If anyone from rsync could help, that would be awesome. I am trying to figure this out but it is hard to tell what happened and who is actually waiting on who.
The hang isn't very easy to fix because of the current way the 3 processes communicate when performing a push operation (which is what happens by default in a local transfer) combined with the huge slew of messages that get generated by -vvv. The messages have to go "around the horn" from the receiver to the generator to the sender to be output, and that forwarding can hang up in certain full-buffer situations. I have some ideas I'm looking into for improving this, but it will take a while. In the meantime you have several options for working around the issue: Use some --info=FOO and/or --debug=FOO options instead of -vvv to limit the number of messages that rsync is generating to just those that you really need to see. (Specify a FOO of "help" to see a list of choices.) Change a local copy from a push to a pull using the support/lsh script that comes with rsync. e.g., instead of running "rsync -aivvv src/ dest/" you'd run: rsync -aivvve lsh localhost:$PWD/src/ dest/ Finally, use the --msgs2stderr (which can be specified as {-M,}--msgs2stderr to affect both sides of a non-local transfer) so that the messages are not in the protocol stream. If you want to map them back from stderr to stdout, you could specify "2>&1" on the command-line. This choice has small chance to cause some weirdness in the message stream, though, since all 3 processes are outputting debug messages at the same time to stderr (though rsync changes stderr to be line buffered to try to minimize that).
I figured out a simple fix that allows the receiver to expand its message buf size when things clog up and committed that fix to git for 3.2.0. I still have a dream of fixing this in a better way in the future, but this will work OK for now. I still suggest that you avoid -vvv when possible, but it will at least work when you do it (assuming you don't overflow memory). In my one local testing, the msg buffer expanded from 16KB to 512KB (in several steps) and then stayed steady at that size, even when I increased the number of files copied.
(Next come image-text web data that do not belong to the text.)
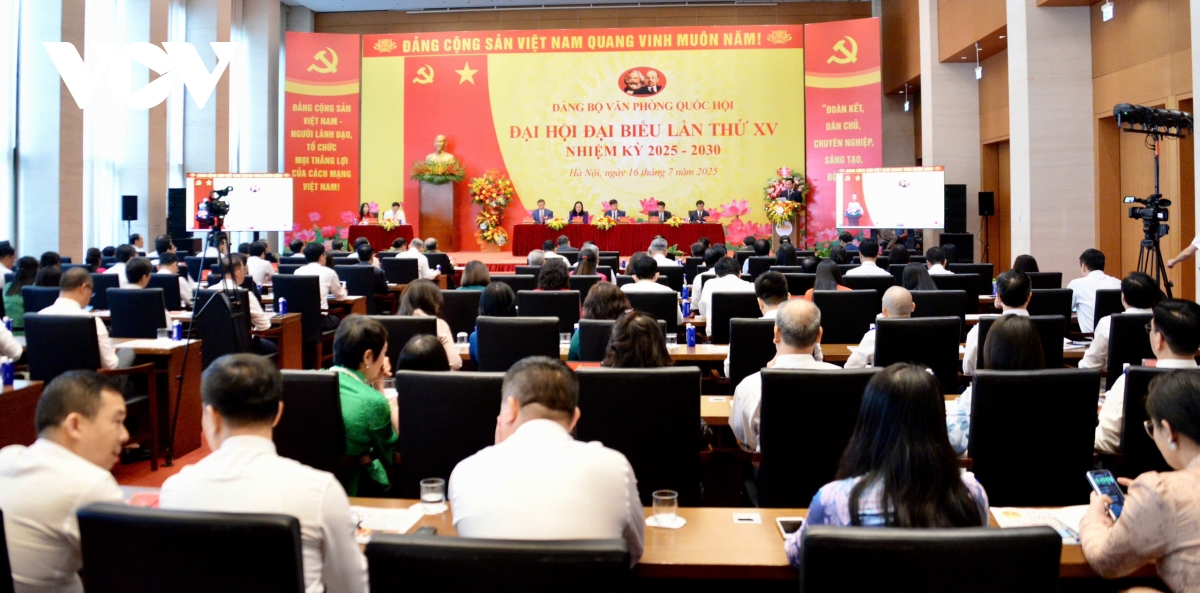 chủ tịch quốc hội trần thanh mẫn dự Đại hội Đảng bộ văn phòng quốc hội hình ảnh 1 chu tich quoc hoi tran thanh man du Dai hoi Dang bo van phong quoc hoi hinh anh 1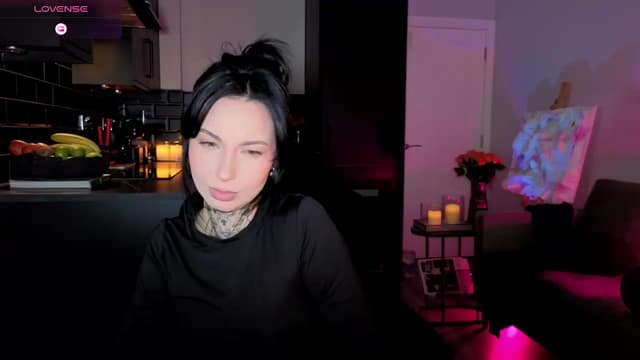 Gallery image thumbnail from Alice's myfreecams stream on, 01/18/2026, 19:27 image 17 of 20
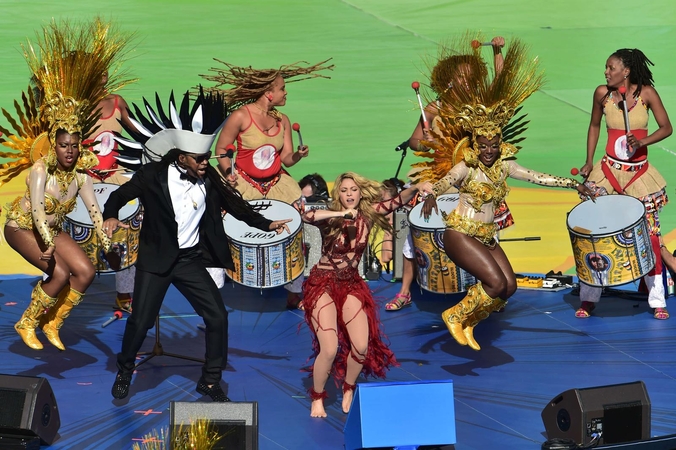 Pasaulio čempionatą seksualiais judesiais uždarė žavioji kolumbietė Shakira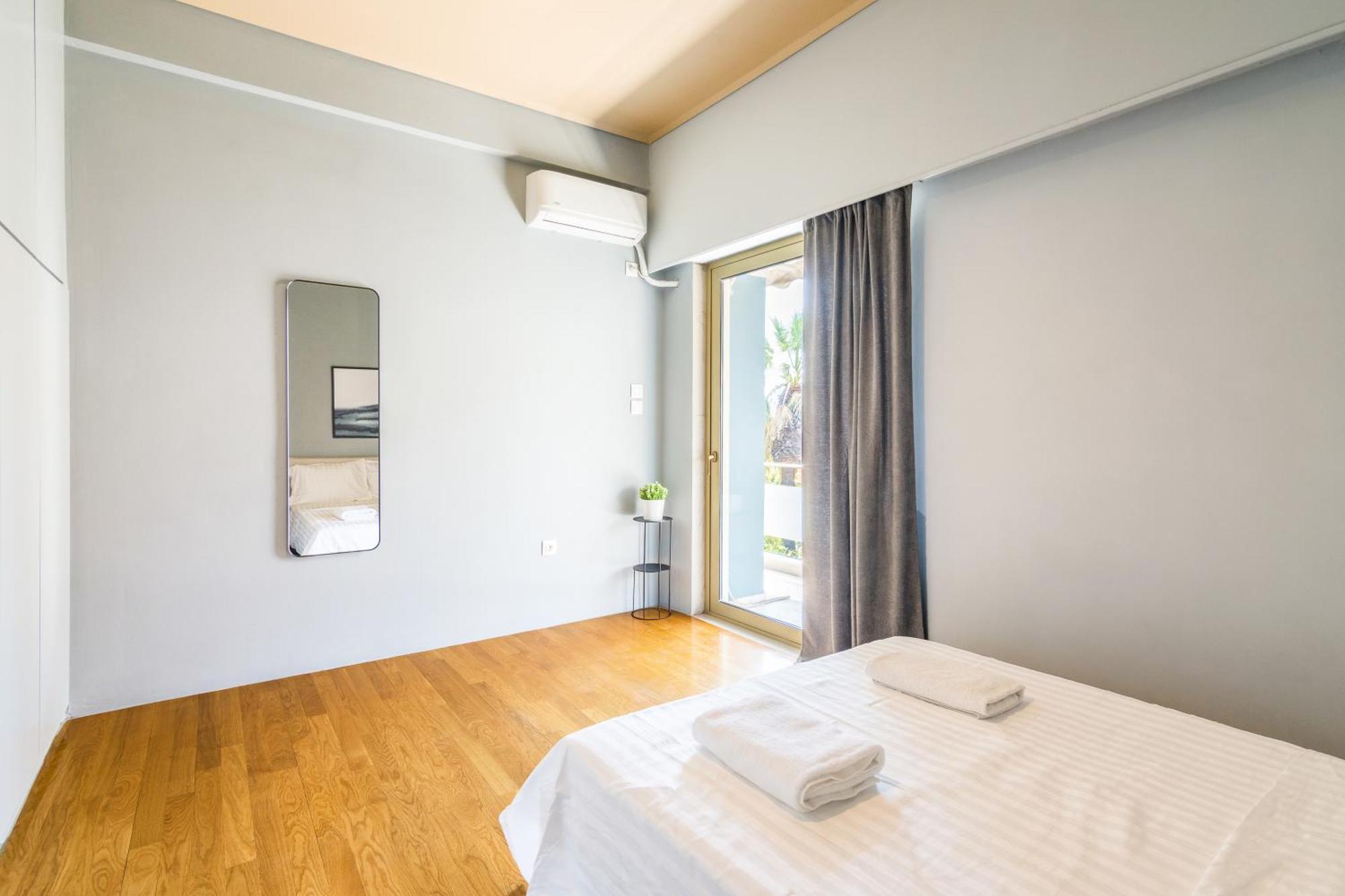 Large Ideal For 5 Atene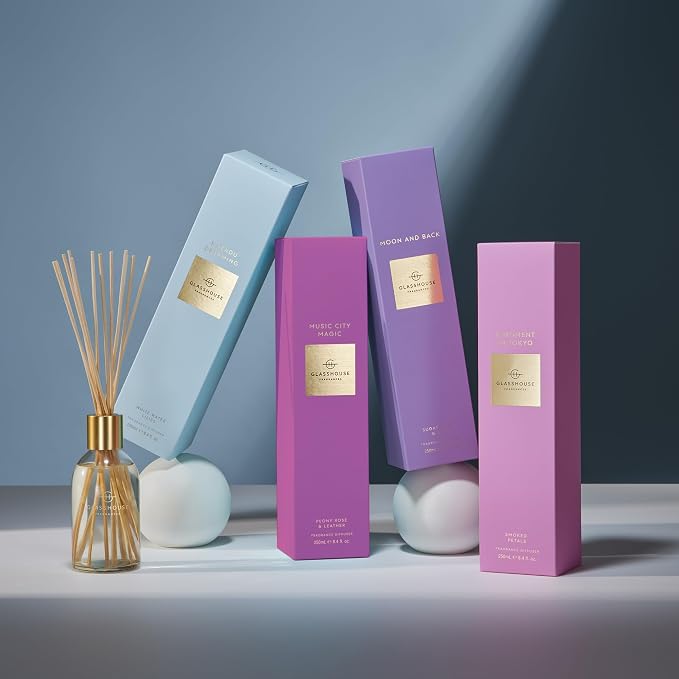 Glasshouse Fragrance A Moment in Tokyo Reed Diffuser, Home Fragrance & Perfume Scented Room DÈcor, Natural & Oil Free, Smoked Petals 8.4.fl.oz (250mL)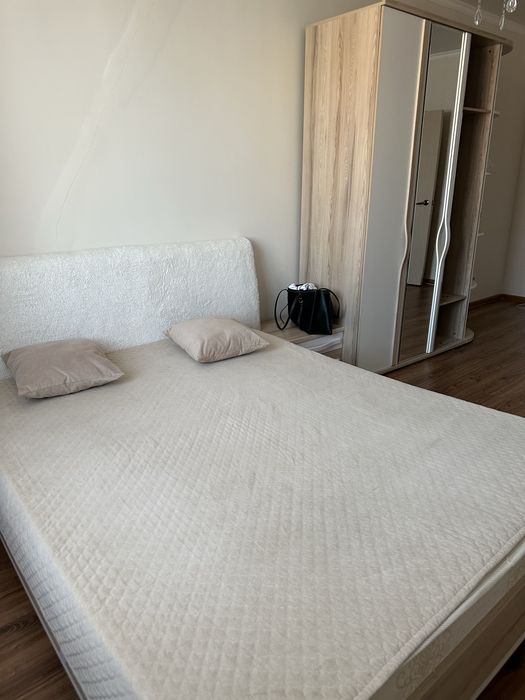 Крвать даухспальная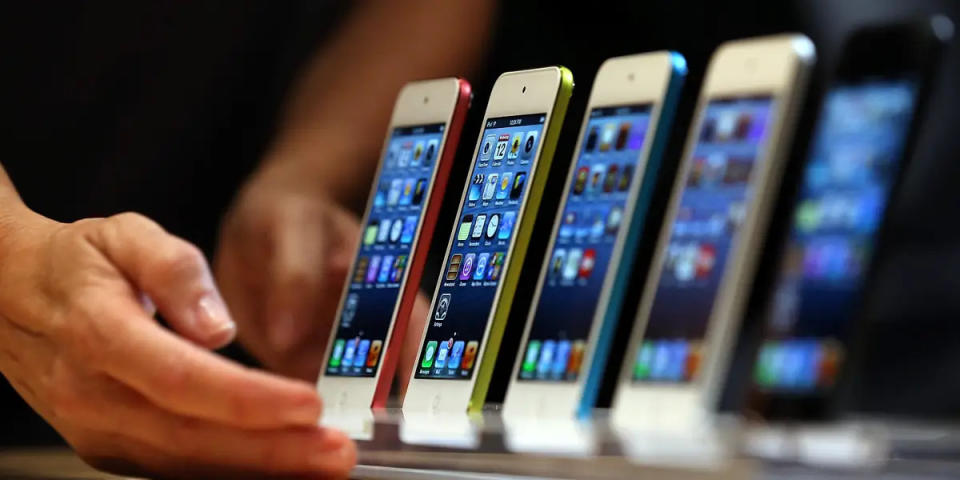Der iPod Touch wird während einer Apple-Veranstaltung im Jahr 2012 gezeigt. - Copyright:  Justin Sullivan/Getty Images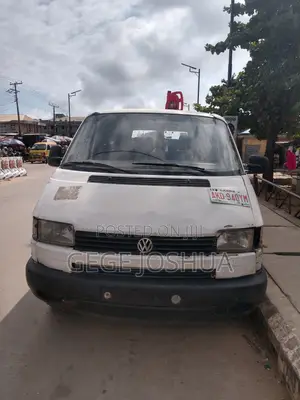 Volkswagen Transporter 2000 White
Also, my latest git version of "lsh" (& its bash "lsh.sh" alternative) in the support dir now accepts a hostname of "lh" for localhost with an implied --no-cd option so that the "remote" side doesn't default to the user's home dir. This makes it easier to type a local-copy command that will avoid the extra msg memory allocations: rsync -aivvve lsh lh:src/ dest/
This is awesome thanks. No hang on a reproducer with circa 9k of files(6.6G of files).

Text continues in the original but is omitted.